(Short text fragments from websites)
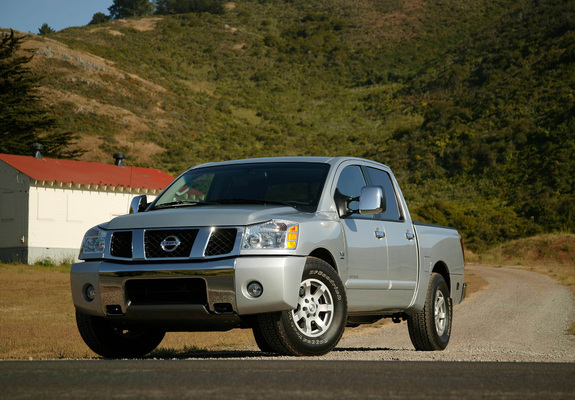 Pictures of Nissan Titan Crew Cab 2004–07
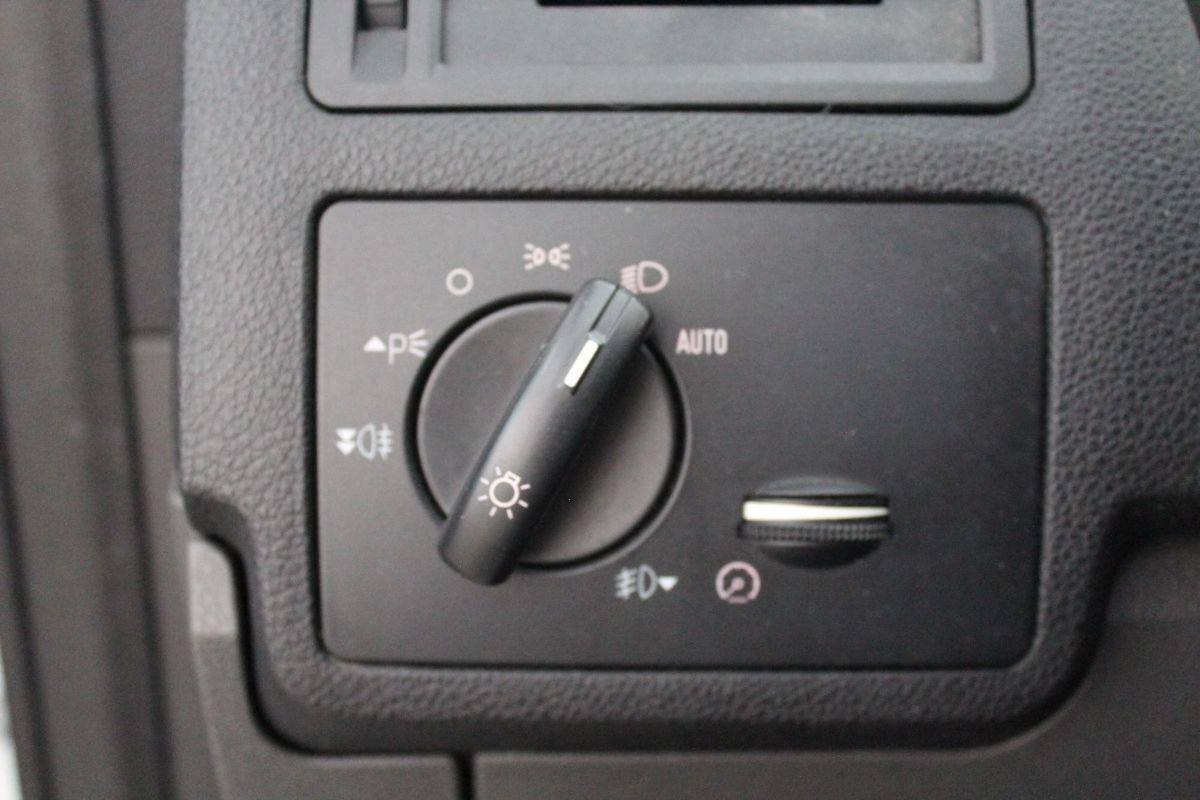 Ford Kuga 2.0 TDCi 136 CV 2WD Titanium DPF (17)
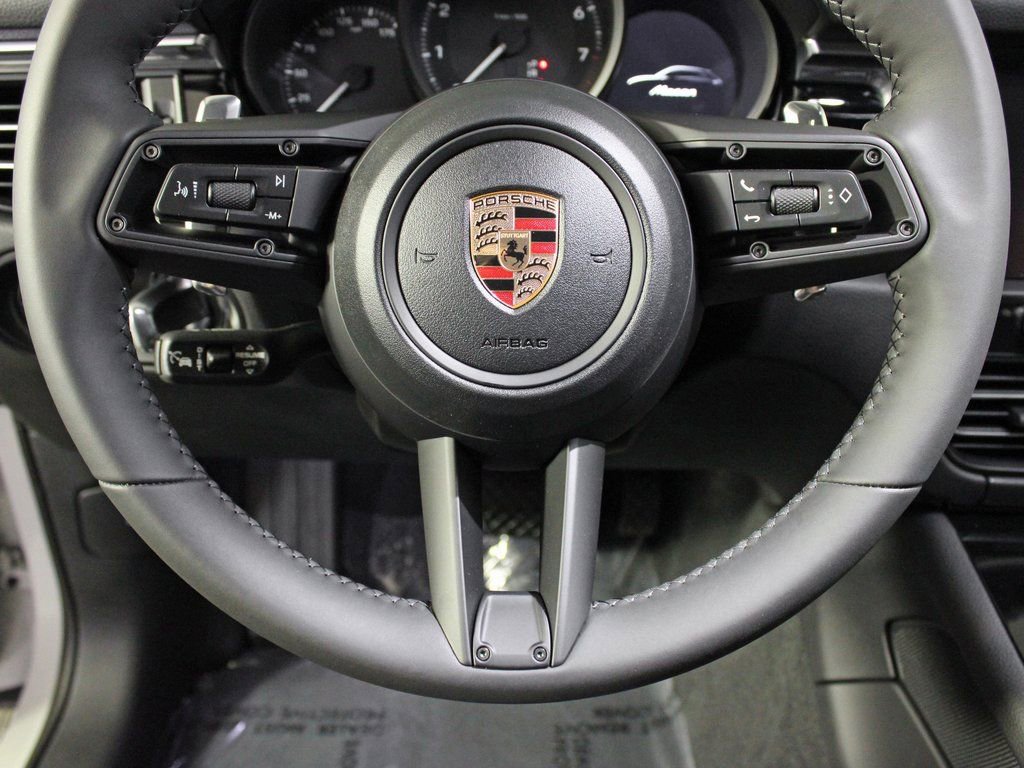 Certified 2026 Porsche Macan image 22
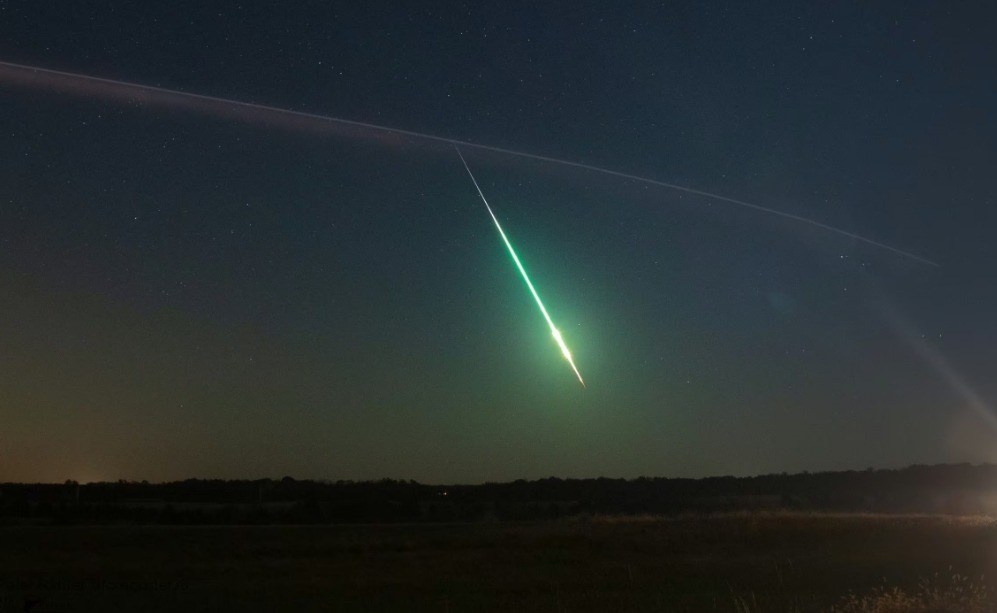 meteora bolide reggio calabria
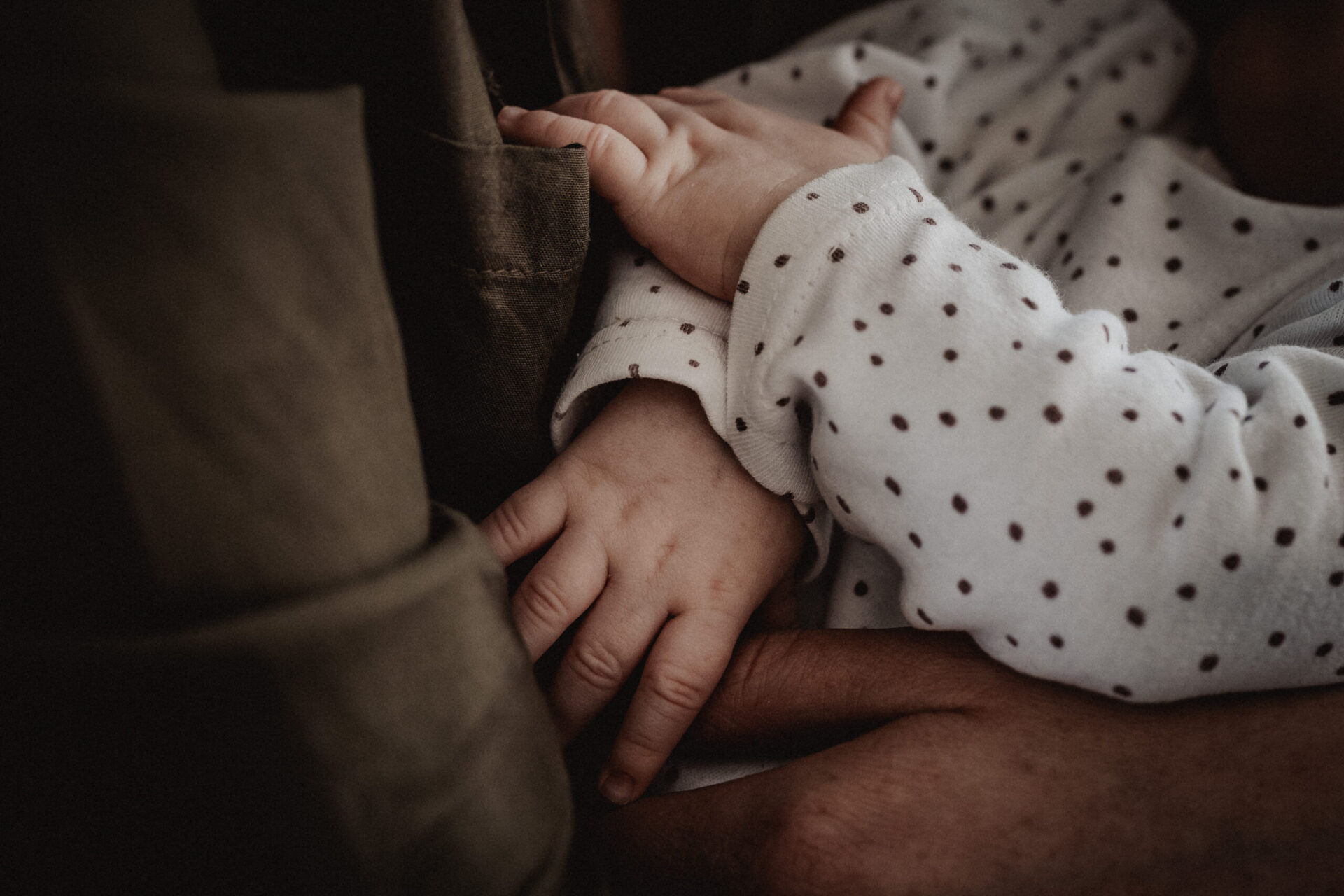 Isabelle Schiminski Frau Fotografin Wochenbett Neugeborenen Stillfotos Newborn mit4i Wiesbaden Schlangenbad Rheingau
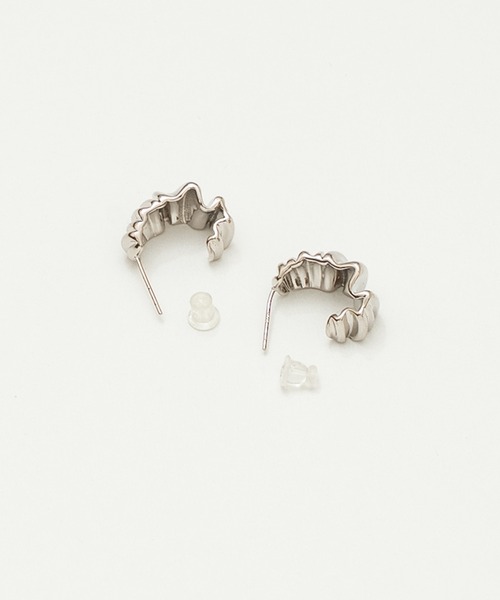 AJUGA.(アジュガ)の「ツイストメタルフープピアス(ピアス(両耳用)・レディース・シルバー・ONE SIZE)」の5枚目の写真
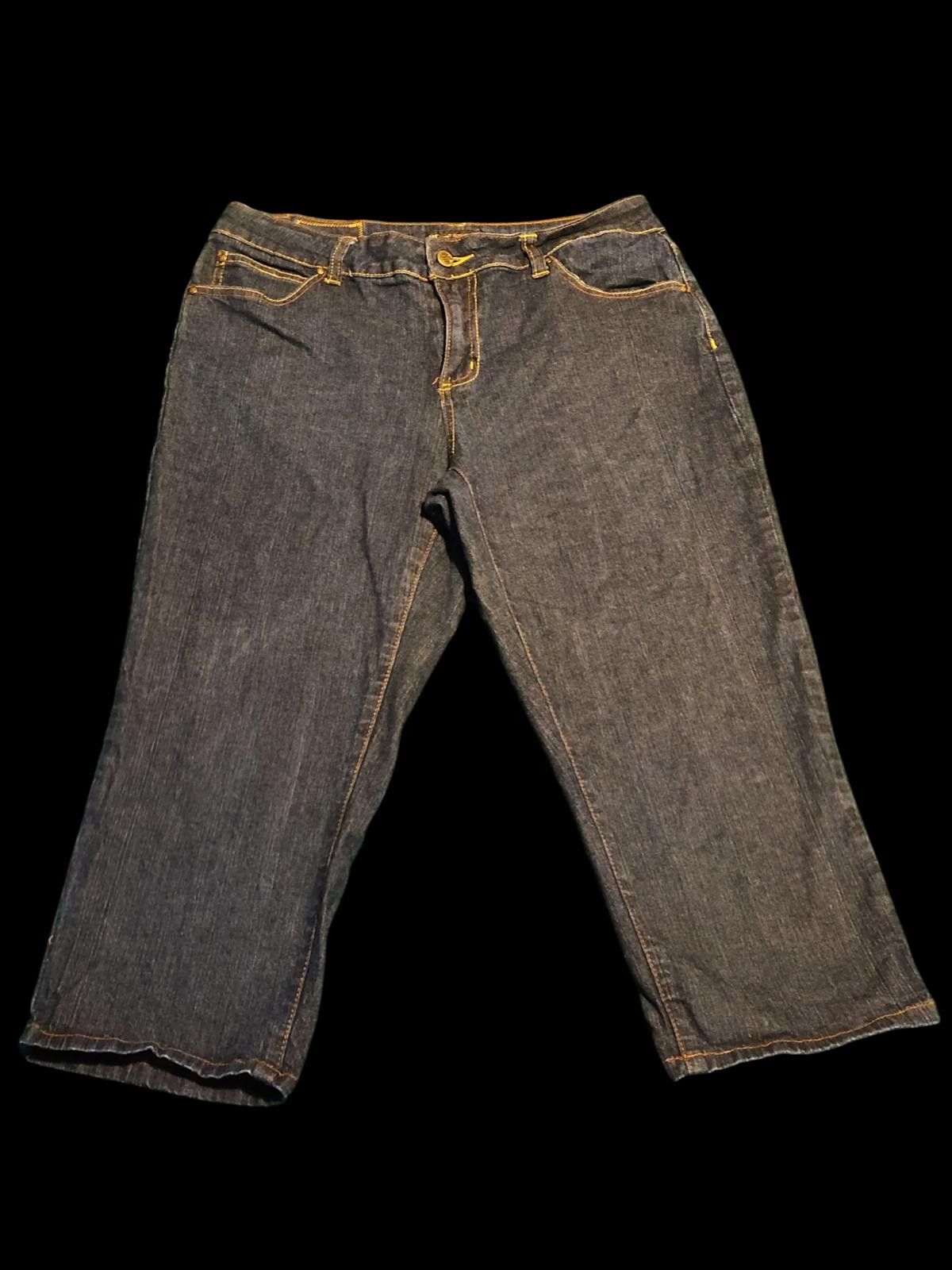 Rocawear Rocawear Women's Denim Capri Pants Size 14 Size 36" / US 14 / IT 50 - 1 Thumbnail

### The problem
Produce an exact copy of each line of data, skipping embedded images.

### Result below
 Pictures of Nissan Titan Crew Cab 2004–07
 Ford Kuga 2.0 TDCi 136 CV 2WD Titanium DPF (17)
 Certified 2026 Porsche Macan image 22
 meteora bolide reggio calabria
 Isabelle Schiminski Frau Fotografin Wochenbett Neugeborenen Stillfotos Newborn mit4i Wiesbaden Schlangenbad Rheingau
 AJUGA.(アジュガ)の「ツイストメタルフープピアス(ピアス(両耳用)・レディース・シルバー・ONE SIZE)」の5枚目の写真
 Rocawear Rocawear Women's Denim Capri Pants Size 14 Size 36" / US 14 / IT 50 - 1 Thumbnail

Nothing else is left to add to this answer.